When your Linux server suddenly becomes unreachable from the internet for brief periods, and ip neigh show
displays a "FAILED" state for your gateway, you're likely dealing with an ARP resolution issue. This typically means your server couldn't resolve the MAC address of the gateway (192.168.14.1 in your case) through ARP requests.

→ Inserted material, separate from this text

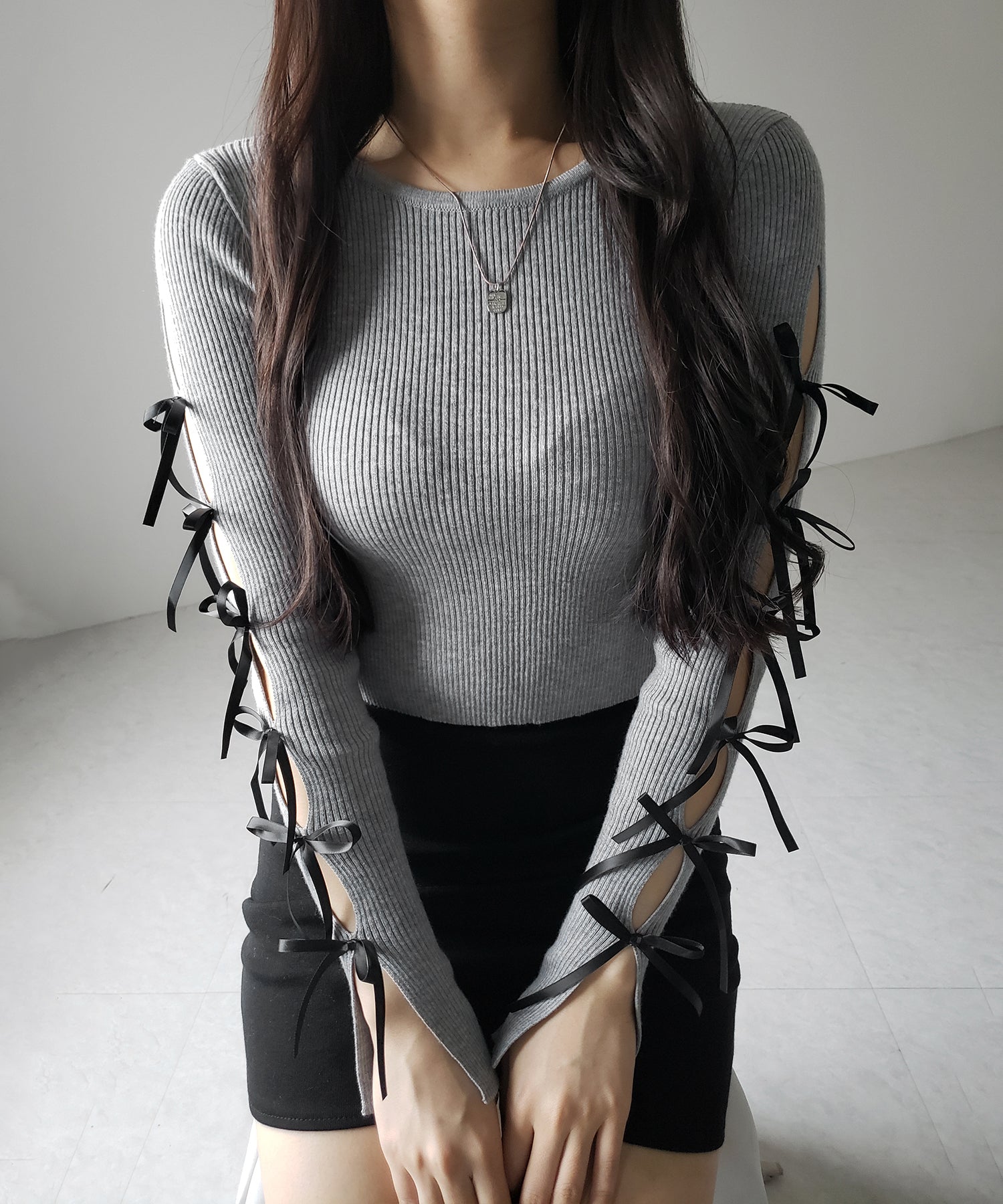 【 2color 】カットアウトリボンショートリブニット / cut out ribbon short rib knit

Linux neighbor cache (ARP cache) entries can be in several states:
REACHABLE - Valid and reachable address
STALE - Valid but potentially unreachable
DELAY - Probe in progress
PROBE - Actively verifying reachability
FAILED - Unreachable after maximum attempts
- Gateway not responding to ARP requests
- Network congestion causing packet loss
- Incorrect network configuration
- Hardware issues (faulty NIC or switch)
- Firewall blocking ARP traffic
To gather more information about the issue:
# Monitor ARP traffic
sudo tcpdump -i eth0 arp
# Check kernel ARP parameters
sysctl -a | grep arp
# Continuous neighbor cache monitoring
watch -n 1 ip -s neigh show
1. Adjust ARP timeout parameters:
sudo sysctl -w net.ipv4.neigh.default.gc_stale_time=60
sudo sysctl -w net.ipv4.neigh.default.base_reachable_time_ms=30000
2. Add a static ARP entry for the gateway:
sudo ip neigh add 192.168.14.1 lladdr 00:22:64:b6:10:5c nud permanent dev eth0
3. Check for duplicate IP addresses:
arping -D -I eth0 -c 2 192.168.14.1
Create a script to monitor and log neighbor cache issues:
#!/bin/bash
LOG_FILE="/var/log/neighbor_monitor.log"
GATEWAY_IP="192.168.14.1"
check_gateway() {
status=$(ip neigh show | grep "$GATEWAY_IP" | awk '{print $NF}')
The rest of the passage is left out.